■ **ASSIGNMENT**
Omit the pictures and return exactly the stretch of the material below from the line with "Italian Bed Linen" through the line with "Chambermaid Holding Clean".

■ **INFORMATION**
┏━━
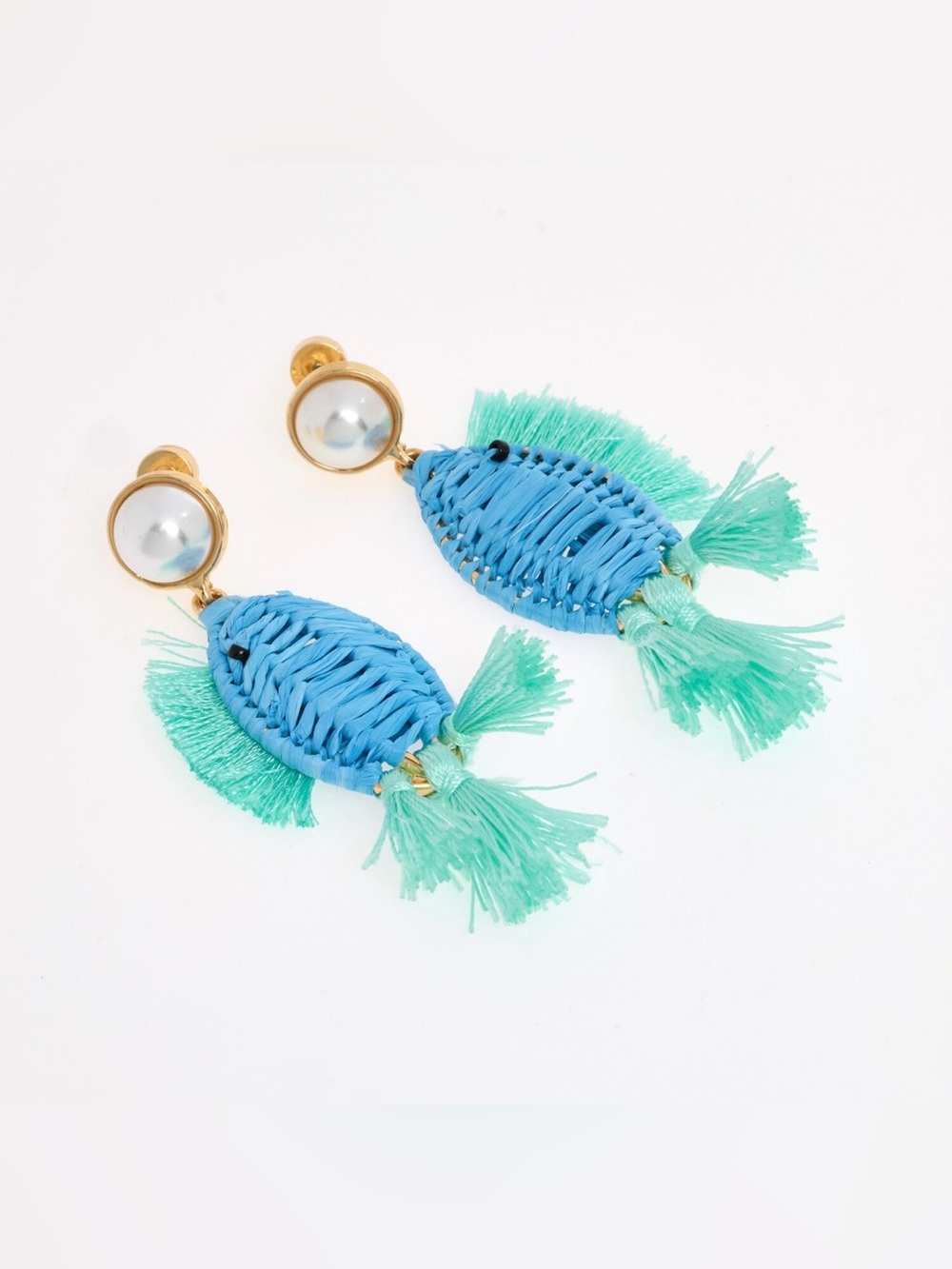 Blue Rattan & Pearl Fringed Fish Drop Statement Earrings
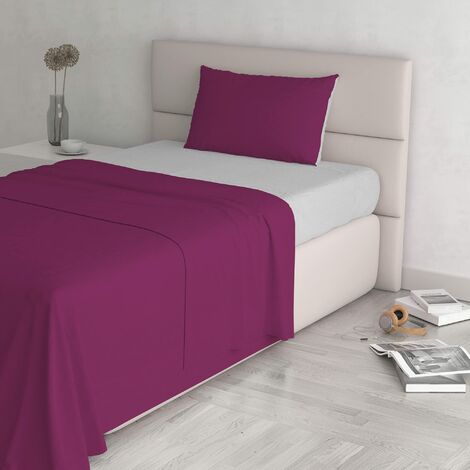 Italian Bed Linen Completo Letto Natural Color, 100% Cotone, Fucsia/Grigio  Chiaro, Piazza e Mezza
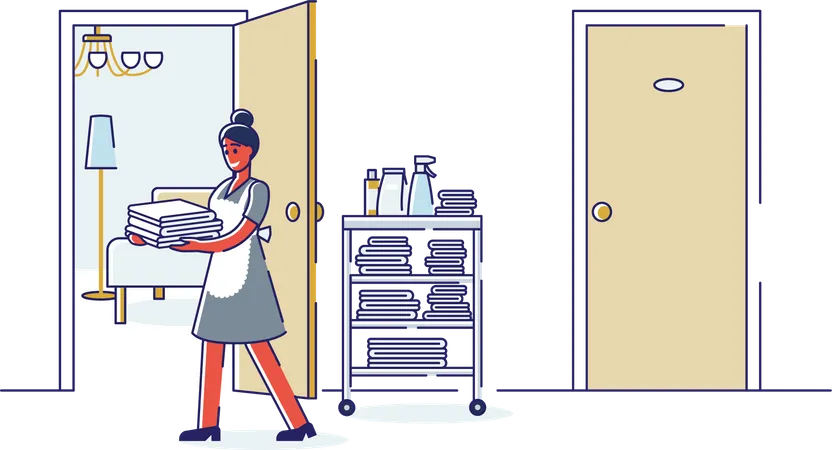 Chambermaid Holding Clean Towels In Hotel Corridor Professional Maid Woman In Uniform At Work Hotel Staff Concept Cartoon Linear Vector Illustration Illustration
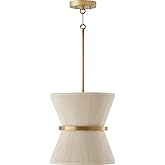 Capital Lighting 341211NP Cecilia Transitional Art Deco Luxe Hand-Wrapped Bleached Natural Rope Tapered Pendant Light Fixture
┗━━
┏━━
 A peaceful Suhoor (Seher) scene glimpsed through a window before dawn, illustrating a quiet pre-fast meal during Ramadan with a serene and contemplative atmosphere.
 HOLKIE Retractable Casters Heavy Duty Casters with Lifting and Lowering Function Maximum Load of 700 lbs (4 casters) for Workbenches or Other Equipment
┗━━
┏━━
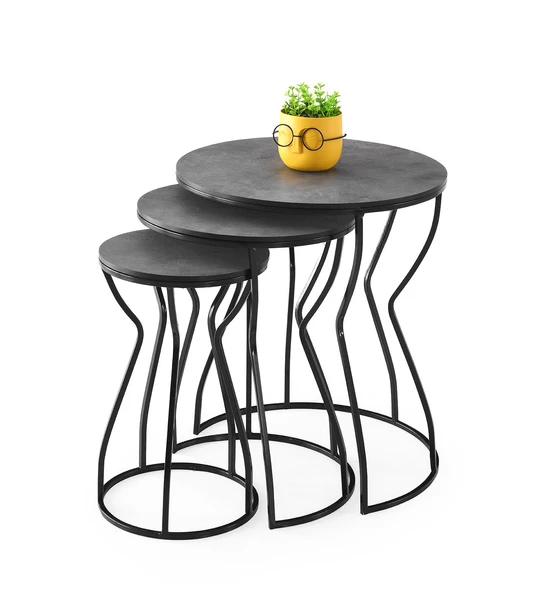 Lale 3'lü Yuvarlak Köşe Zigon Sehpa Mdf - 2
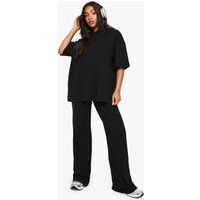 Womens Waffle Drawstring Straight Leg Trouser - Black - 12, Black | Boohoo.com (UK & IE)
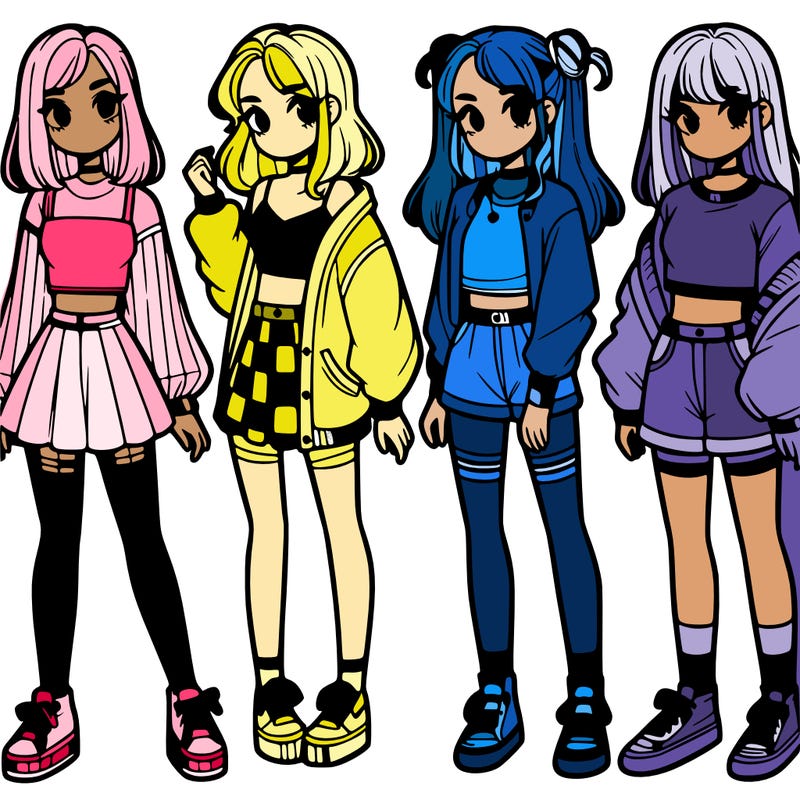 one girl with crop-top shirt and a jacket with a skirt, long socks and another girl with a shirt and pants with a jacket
┗━━
■ **WRITTEN RESPONSE**
 Italian Bed Linen Completo Letto Natural Color, 100% Cotone, Fucsia/Grigio  Chiaro, Piazza e Mezza
 Chambermaid Holding Clean Towels In Hotel Corridor Professional Maid Woman In Uniform At Work Hotel Staff Concept Cartoon Linear Vector Illustration Illustration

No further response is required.